S4: adding 350L of hydrochloric acid, adding 155Kg of compound IV in batches, and carrying out hydrolysis reaction at the reaction temperature of 70-80 ℃. After the reaction is completed, the reaction temperature is reduced to below 10 ℃, 30% sodium hydroxide solution is added, the pH value is adjusted to 12, toluene is added for liquid-liquid extraction, and anhydrous magnesium sulfate is added for drying, so that the compound V in the organic phase is obtained.
S5: adding 620L of toluene, mixing with the compound V, adding 250Kg of tetrapropyl titanate at the reaction temperature of 0 ℃, and dropwise adding 250L of 33 percent methylamine methanol solution for reaction. After the reaction is completed, 66Kg of solid sodium borohydride is added at the reaction temperature of 0 ℃ for reaction. After the reaction is completed, 100L of water is added, liquid-liquid extraction is carried out by using 200L of dichloromethane for 3 times, organic phases are combined, and the solvent is concentrated to be dry, so that 100Kg of intermediate VI is obtained.
S6: 100Kg of intermediate VI, 500Kg of methanol, 500Kg of water and 100Kg of L-di-p-methylbenzoyl tartaric acid were added to a reaction vessel and stirred at room temperature to be completely dissolved. And continuously stirring for 15-20 minutes until solid is separated out, heating to 60-70 ℃, and reacting for 4-5 hours. After the reaction is completed, cooling to 20 ℃, and performing suction filtration and drying to obtain a crude product. Mixing methanol, isopropanol and water in a ratio of 1:3:4, recrystallizing the solid with a mixed solvent, recrystallizing the solid for 4 times to obtain a crude product, extracting the crude product with dichloromethane, and performing rotary evaporation to obtain 40Kg of oily liquid intermediate VII.
S7: 50Kg of 4-chloro-7H-pyrrolo [2,3-d ] pyrimidine and 70Kg of p-toluenesulfonyl chloride are dissolved in 350L of acetone solvent, and 150L of 5% sodium hydroxide solution is slowly added dropwise. Stirring at room temperature, and reacting for 10-14 hours. 200L of water is added into the reaction liquid, a large amount of solid is separated out, and 98.5Kg of green solid compound VIII is obtained after suction filtration and drying.
S8: adding 375L of water and 125L of tetrahydrofuran into a reaction kettle, stirring for 20-30 minutes at room temperature, adding 56Kg of intermediate VII, 50Kg of compound VIII and 200Kg of potassium carbonate, and reacting for 10-14 hours at the reaction temperature of 70-80 ℃. And (3) detecting the reaction by liquid chromatography, concentrating under reduced pressure to remove 70-80% of tetrahydrofuran, extracting the concentrated solution by using ethyl acetate, and concentrating the solvent to dryness to obtain 70Kg of light yellow solid compound IX.

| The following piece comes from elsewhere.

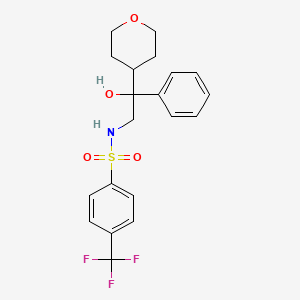 molecular formula C20H22F3NO4S B2739383 N-[2-hydroxy-2-(oxan-4-yl)-2-phenylethyl]-4-(trifluoromethyl)benzene-1-sulfonamide CAS No. 2034403-12-6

S9: dissolving 20Kg of compound IX in methanol, adding 5Kg of sodium hydroxide in batches, reacting at 40-50 ℃ for 3-4 hours, and removing the methanol by vacuum concentration. Adding 100L of water and 100L of ethyl acetate, carrying out liquid-liquid extraction, concentrating the organic phase of the extract liquid to 35-40L, and standing overnight to obtain 12Kg of a compound X.
S10: adding 10Kg of compound X, 70L of ethanol and 2Kg of 20% sodium hydroxide palladium carbon into a reaction kettle, and introducing hydrogen at the reaction temperature of 50-60 ℃ to perform catalytic hydrogenation reaction. After completion of the reaction, the reaction mixture was filtered, and the filtrate was evaporated to dryness by rotation and recrystallized from ethyl acetate to obtain 6.24Kg of the compound XI.
S11: 6Kg of the compound XI, 1.9Kg of 1, 8-diazabicycloundecen-7-ene (DBU) as a catalyst, 5.6Kg of ethyl cyanoacetate and 20L of ethanol were added to a reaction vessel and reacted at room temperature for 7 to 8 hours. After the reaction is completed, dichloromethane is added, and after washing with water, the mixture is concentrated to dryness under reduced pressure, so that 6.7Kg of target product tofacitinib is obtained.
Example 2
A preparation method of tofacitinib specifically comprises the following steps:
s1: adding 600L of ethanol, 100Kg of raw material 2-chloro-3-amino-4-methylpyridine and 2Kg of 5% wet palladium carbon into a high-pressure reaction kettle in sequence, stirring uniformly, introducing hydrogen, and reacting for 9-11 hours under 0.4-0.5 MPa. After the reaction was completed as detected by liquid chromatography, the palladium-carbon was removed by filtration, and the reaction solution was concentrated under reduced pressure to obtain 73Kg of compound i as a white solid.
S2: adding 800L of dichloromethane serving as a solvent into a reaction kettle, adding 76Kg of a compound I while stirring, cooling the temperature of the reaction kettle to 0 ℃, slowly dropwise adding 76Kg of acetyl chloride, and reacting for 12-14 hours after dropwise adding is finished. After the reaction was completed, the reaction was checked by liquid chromatography, and 35% sodium hydroxide solution was added to adjust the pH to 13, and the organic phase was separated and concentrated under reduced pressure to obtain 95Kg of compound II as a pale yellow solid.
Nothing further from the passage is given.